• WORK TO BE COMPLETED: Output every line of the material exactly, omitting images.
Segment Start: INFORMATION GIVEN
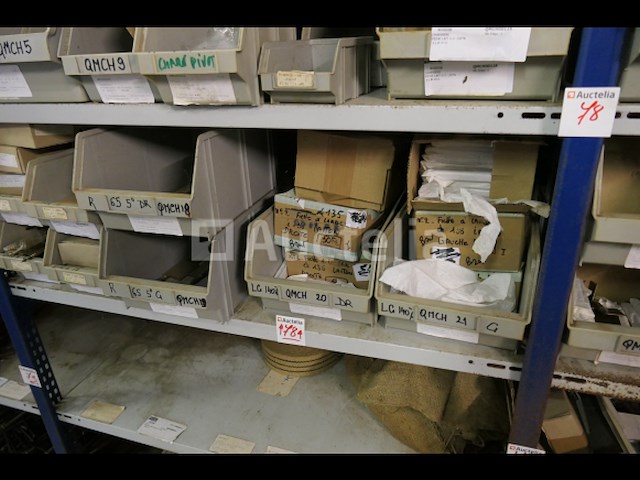 Grote partij meubelscharnieren; ijzeren en messing reuzelpluggen - afbeelding 4 van  19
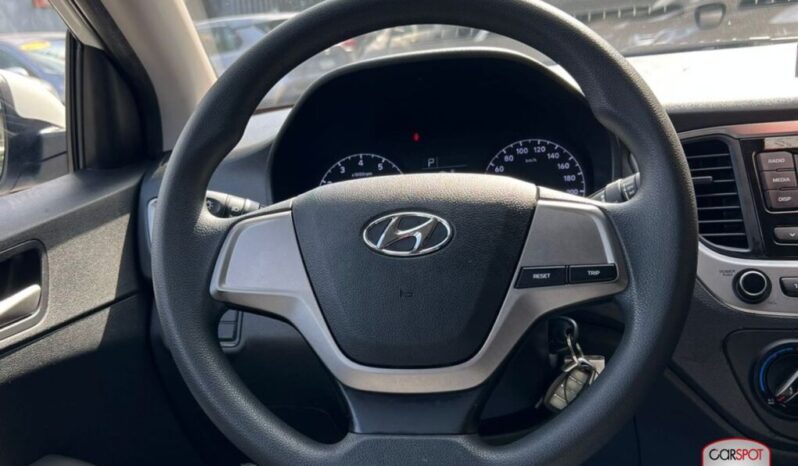 Hyundai Accent solaris 2019 lleno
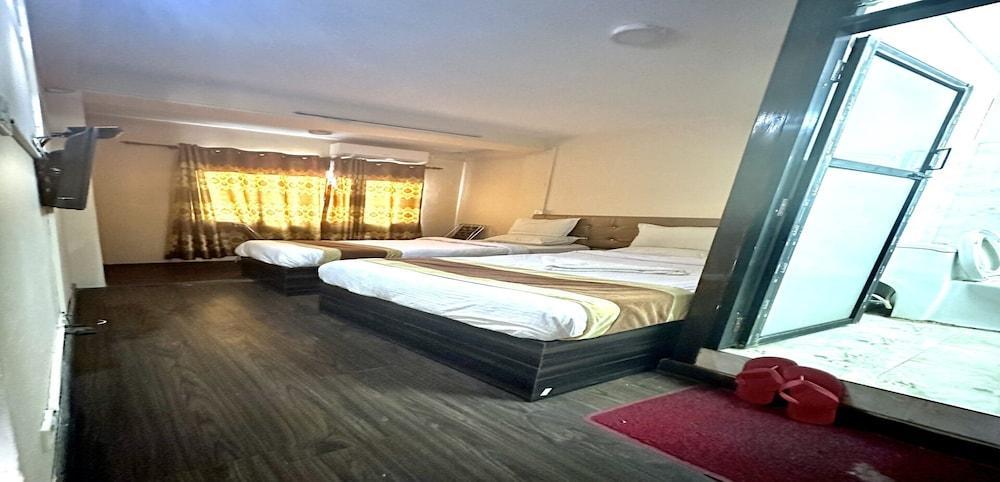 MeroStay 135 New Hotel ATH - Tap to explore photos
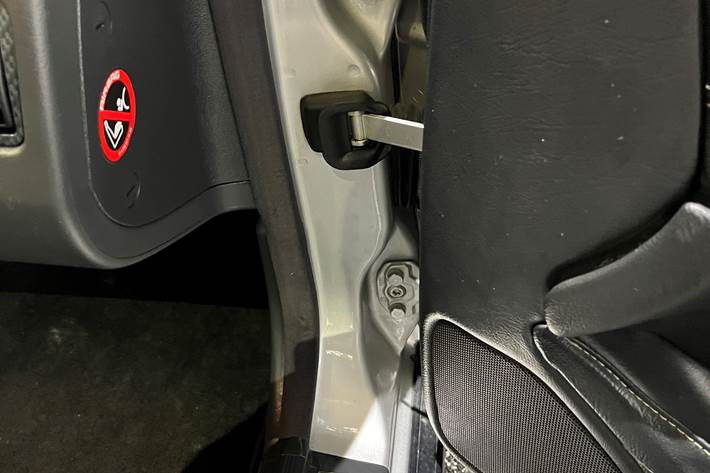 Sølv Mercedes SLK230 fra 1997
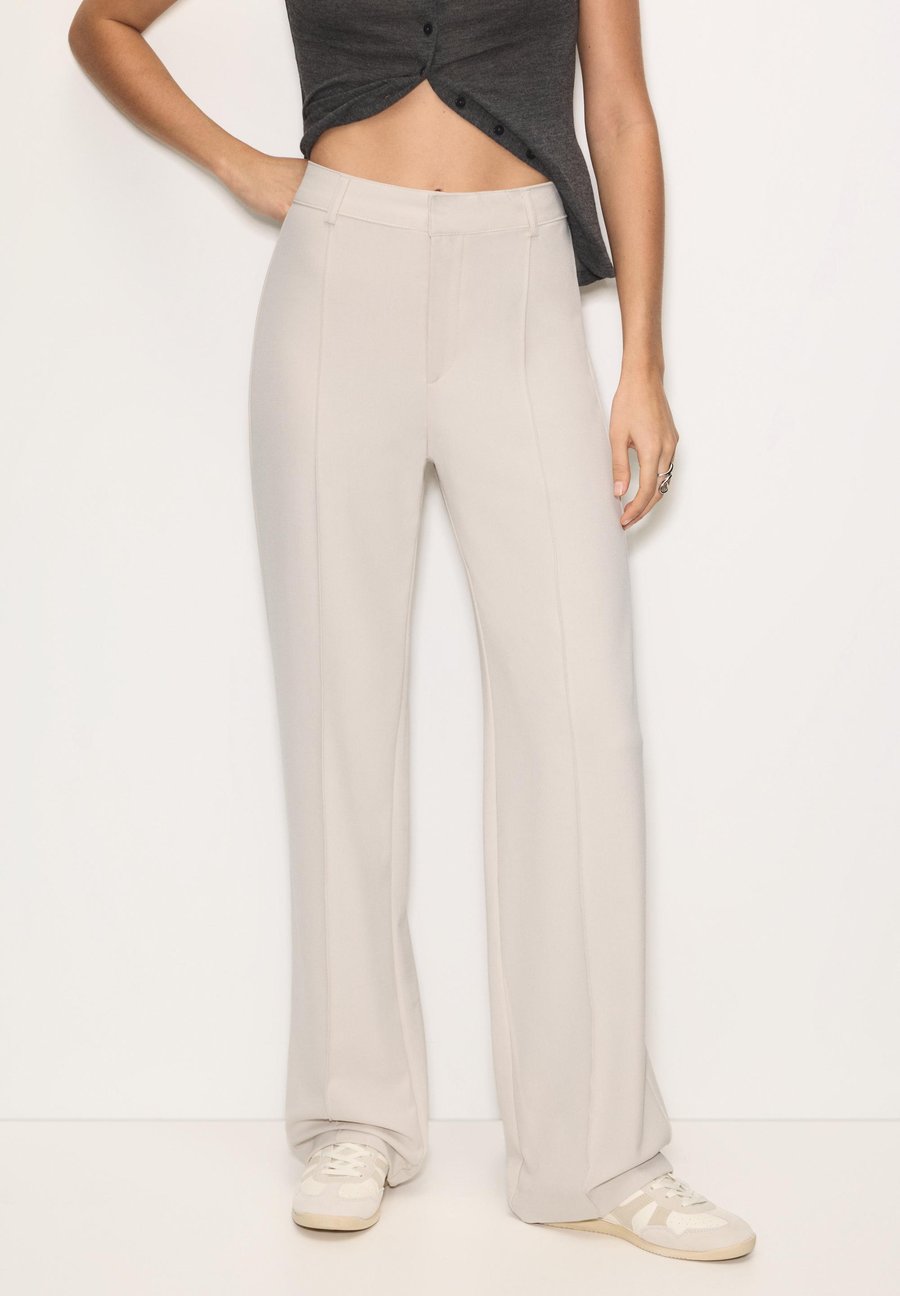 

Брюки PULL&BEAR SEAMED, Beige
Segment End: INFORMATION GIVEN
• RESPONSE TO THE EXERCISE:
 Grote partij meubelscharnieren; ijzeren en messing reuzelpluggen - afbeelding 4 van  19
 Hyundai Accent solaris 2019 lleno
 MeroStay 135 New Hotel ATH - Tap to explore photos
 Sølv Mercedes SLK230 fra 1997

Брюки PULL&BEAR SEAMED, Beige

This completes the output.